The euro extended its decline to $1.45 as traders weighed the implications of increased defense spending on inflation, fiscal policy, and interest rates in the Eurozone.
Euro keeps on falling against US dollar
The currency faced additional pressure as uncertainty loomed over how European governments would manage the financial burden of supporting Ukraine amid shifting geopolitical dynamics.
With the U.S. signaling plans to scale back its financial and military assistance to Ukraine while pursuing negotiations with Russia to end the war, European leaders scrambled to reassess their strategy. A high-level meeting in Paris brought together key EU policymakers to explore alternative ways to sustain Ukraine’s defense and economic stability. However, the informal gathering ended without concrete measures, fueling concerns about Europe’s ability to maintain unified support in the absence of U.S. leadership.
Eyes on Ukraine war
Strengthening defense capabilities and providing continued aid to Ukraine is expected to impose a significant financial strain on Europe’s largest economies, with estimates suggesting the costs could reach $3.1 trillion over the next decade. This raises concerns about higher fiscal deficits, potential tax hikes, and inflationary pressures that could complicate the European Central Bank’s monetary policy path.
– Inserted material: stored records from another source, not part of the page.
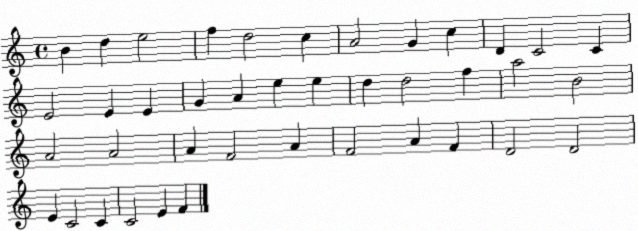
X:1
T:Untitled
M:4/4
L:1/4
K:C
B d e2 f d2 c A2 G c D C2 C E2 E E G A e e d d2 f a2 B2 A2 A2 A F2 A F2 A F D2 D2 E C2 C C2 E F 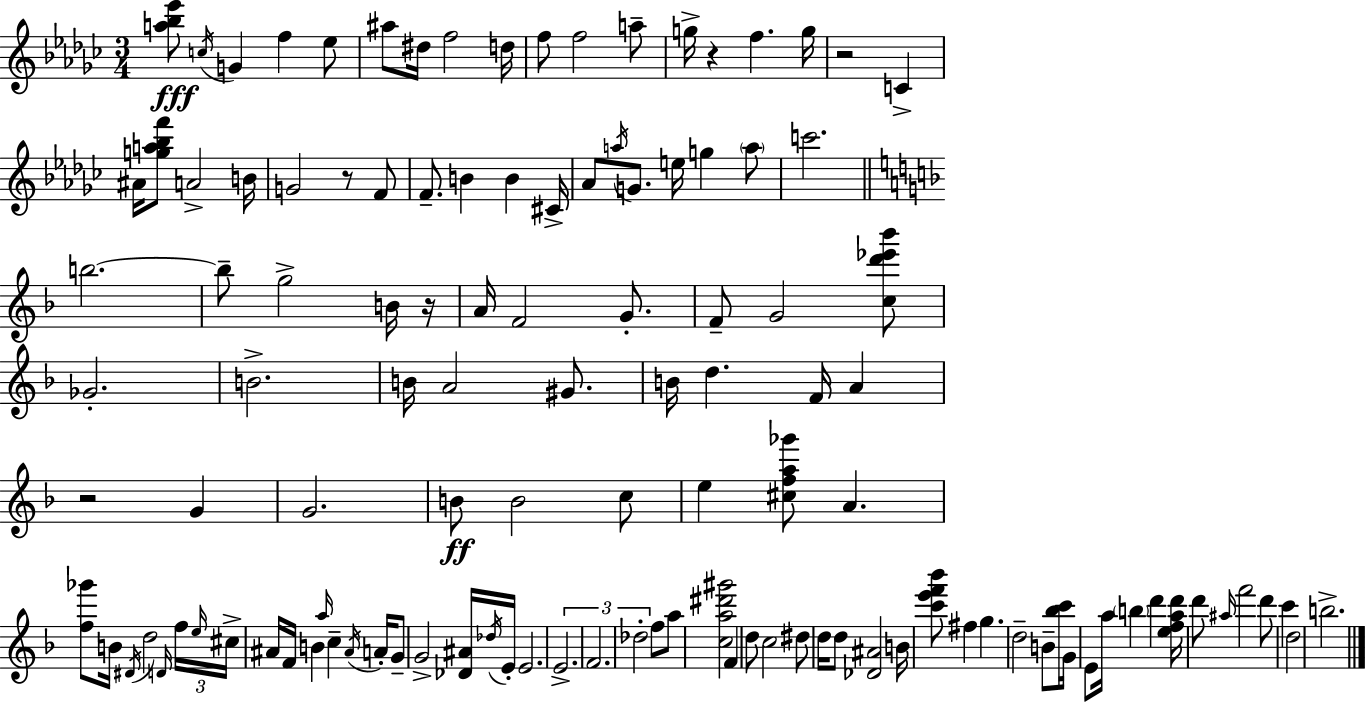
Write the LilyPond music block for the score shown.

{
  \clef treble
  \numericTimeSignature
  \time 3/4
  \key ees \minor
  <a'' bes'' ees'''>8\fff \acciaccatura { c''16 } g'4 f''4 ees''8 | ais''8 dis''16 f''2 | d''16 f''8 f''2 a''8-- | g''16-> r4 f''4. | \break g''16 r2 c'4-> | ais'16 <g'' a'' bes'' f'''>8 a'2-> | b'16 g'2 r8 f'8 | f'8.-- b'4 b'4 | \break cis'16-> aes'8 \acciaccatura { a''16 } g'8. e''16 g''4 | \parenthesize a''8 c'''2. | \bar "||" \break \key d \minor b''2.~~ | b''8-- g''2-> b'16 r16 | a'16 f'2 g'8.-. | f'8-- g'2 <c'' d''' ees''' bes'''>8 | \break ges'2.-. | b'2.-> | b'16 a'2 gis'8. | b'16 d''4. f'16 a'4 | \break r2 g'4 | g'2. | b'8\ff b'2 c''8 | e''4 <cis'' f'' a'' ges'''>8 a'4. | \break <f'' ges'''>8 b'16 \acciaccatura { dis'16 } d''2 | \grace { d'16 } \tuplet 3/2 { f''16 \grace { e''16 } cis''16-> } ais'16 f'16 b'4 \grace { a''16 } c''4-- | \acciaccatura { ais'16 } a'16-. g'8-- g'2-> | <des' ais'>16 \acciaccatura { des''16 } e'16-. e'2. | \break \tuplet 3/2 { e'2.-> | f'2. | des''2-. } | f''8 a''8 <c'' a'' dis''' gis'''>2 | \break f'4 d''8 c''2 | dis''8 d''16 d''8 <des' ais'>2 | b'16 <c''' e''' f''' bes'''>8 fis''4 | g''4. d''2-- | \break b'8-- <bes'' c'''>16 g'16 e'8 a''16 \parenthesize b''4 | d'''4 <e'' f'' a'' d'''>16 d'''8 \grace { ais''16 } f'''2 | d'''8 c'''4 d''2 | b''2.-> | \break \bar "|."
}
On the monetary policy front, the ECB is widely expected to begin easing rates in the coming months to counter slowing economic growth and tame persistently low inflation. Markets are pricing in a 25-basis-point cut at each of the next three meetings, bringing the deposit rate down from its current level of 2.75%. If economic conditions warrant further easing, forecasts suggest rates could fall below 2% by 2026.
Uncertainty remains over the ECB pace of rate cuts
Still, uncertainty remains over the ECB’s pace of rate cuts, especially as inflation dynamics evolve. While price pressures have moderated, rising defense expenditures and fiscal stimulus measures could stoke inflation, potentially delaying aggressive rate reductions. Additionally, the euro’s recent depreciation could contribute to imported inflation, making the ECB’s policy decisions even more delicate.
Looking ahead, investors will closely monitor upcoming ECB speeches, inflation data, and geopolitical developments for further clues on the euro’s trajectory and the central bank’s policy response. The balance between economic growth, inflation control, and geopolitical risks will play a crucial role in shaping the euro’s performance in the coming months.